Am Rande

Wir in Reinickendorf • 12/2008

Frage aus der virtuellen Welt

In Tegel hat es wieder mal gespukt, woanders spukt’s ja nicht (vergleiche Goethe, Faust 1, Walpurgisnacht). Laut Internet hat der Schutzverein Selbstentleibter Banker in Scham e.V. eine außerordentliche Sitzung abgehalten.

Es sei um den inzwischen widerwärtig oft erhobenen Vorwurf der Politik gegangen, die Realwirtschaft sei von der virtuellen Wirtschaft in die Krise gezockt worden.

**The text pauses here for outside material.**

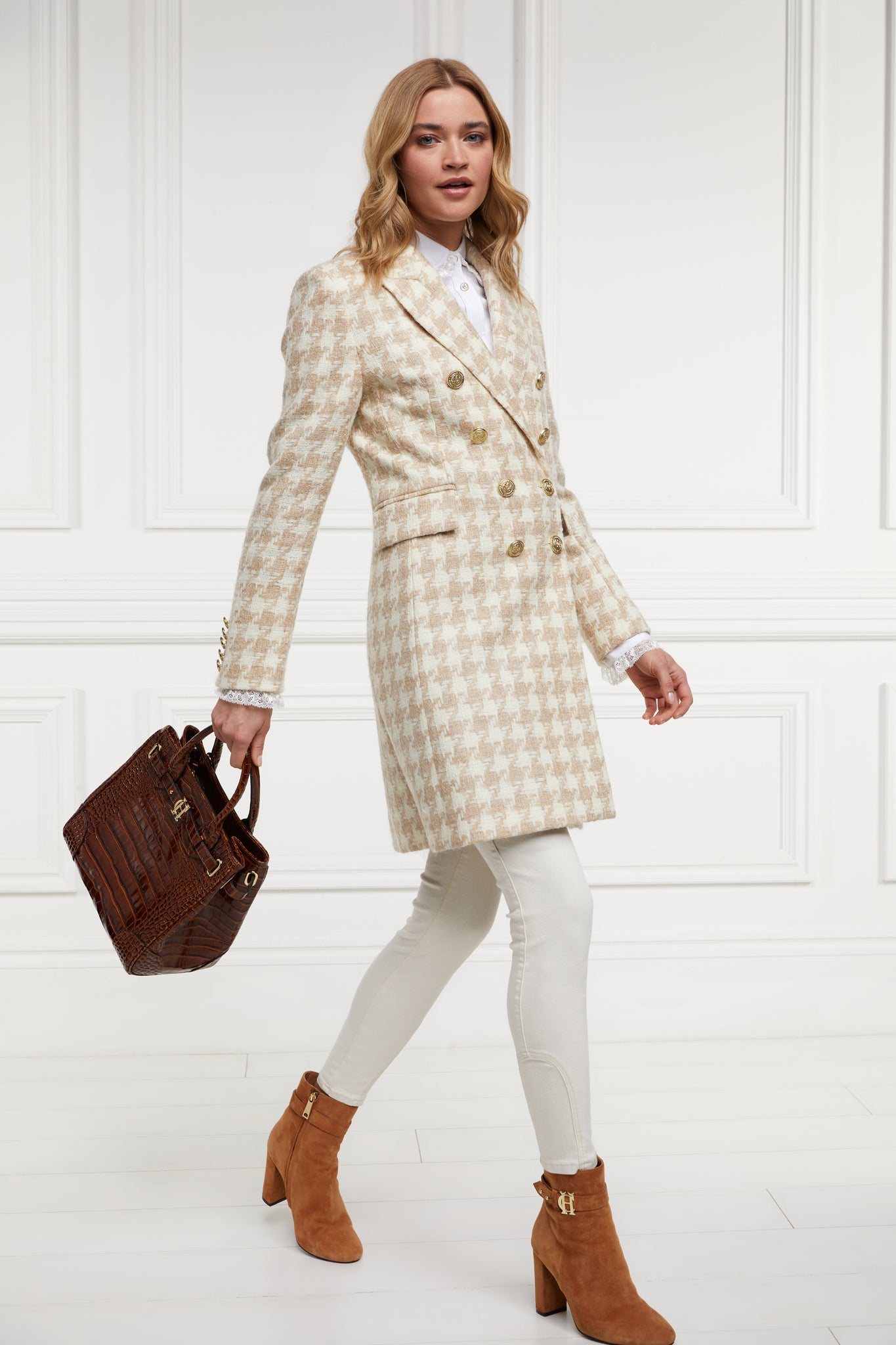 camel and cream houndstooth wool womens coat with gold hardware holding tan croc leather womens tote bag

Jedoch müsse am Ende des verhängnisvollen Jahres 2008 endlich klargestellt werden, dass die Virtualwirtschaft alles Erdenkliche getan habe, um die Krise zu verhindern.

Auch in Deutschland seien nämlich gewisse Leute in den letzten zehn Jahren mit mindestens einer zusätzlichen Billion Euro gekommen und hätten Anlagemöglichkeiten für ihr Geld gefordert. In die Realwirtschaft zu investieren hätten sie sich geweigert, weil bereits viel zu viel Waren und Leistungen auf dem Markt seien und weil die Leute, die ihr Geld für Waren und Dienstleistungen zu verbrauchen pflegen, eh kein Geld hätten. Verständlicherweise wären die Anlegewilligen lebensbedrohlich überfordert gewesen, hätten sie ihr Geld selbst konsumieren sollen. Und da musste man eben Geld als Kredit weiter vermitteln, wo man eigentlich nichts hätte vermitteln sollen, und habe neue Finanzprodukte entwickelt, die man nicht hätte entwickeln dürfen. Und dafür habe man schließlich auch gebüßt.

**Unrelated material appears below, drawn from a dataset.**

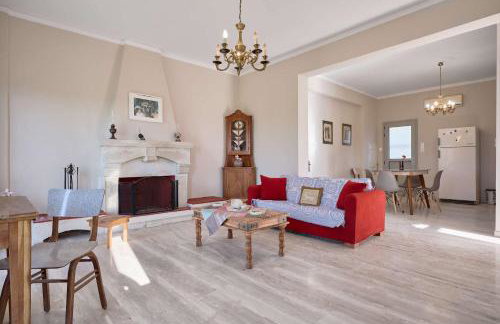 Creta Leisure Escape Private Pool & Garden Oasis - Photo 5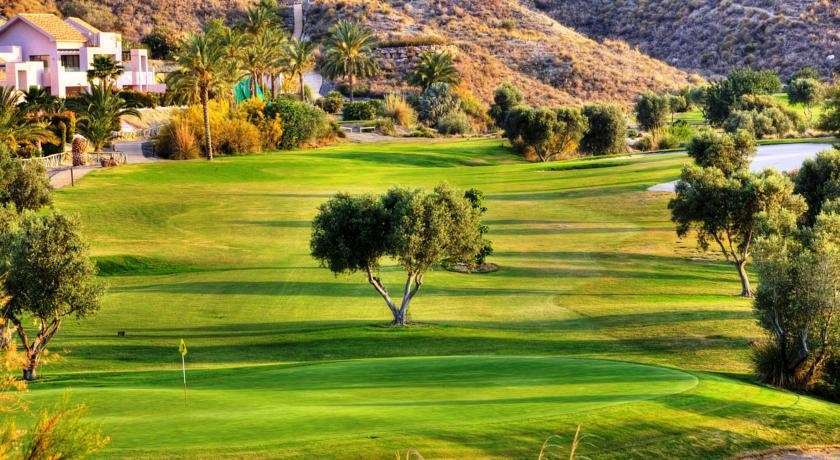 Valle Del Golf And - *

Wer aber sei verantwortlich, dass diese Billion - hälftig Steuergeschenke an Vermögenseigner, hälftig Extraprofite für Kapitaleigner wegen sinkender Reallöhne – zusammengesammelt und in die Virtualwirtschaft gespült wurde? Jeder in der realen Welt habe doch wissen müssen und können, dass dieses Geld im realen Kreislauf von Produktion und Konsumtion bitter fehlen würde.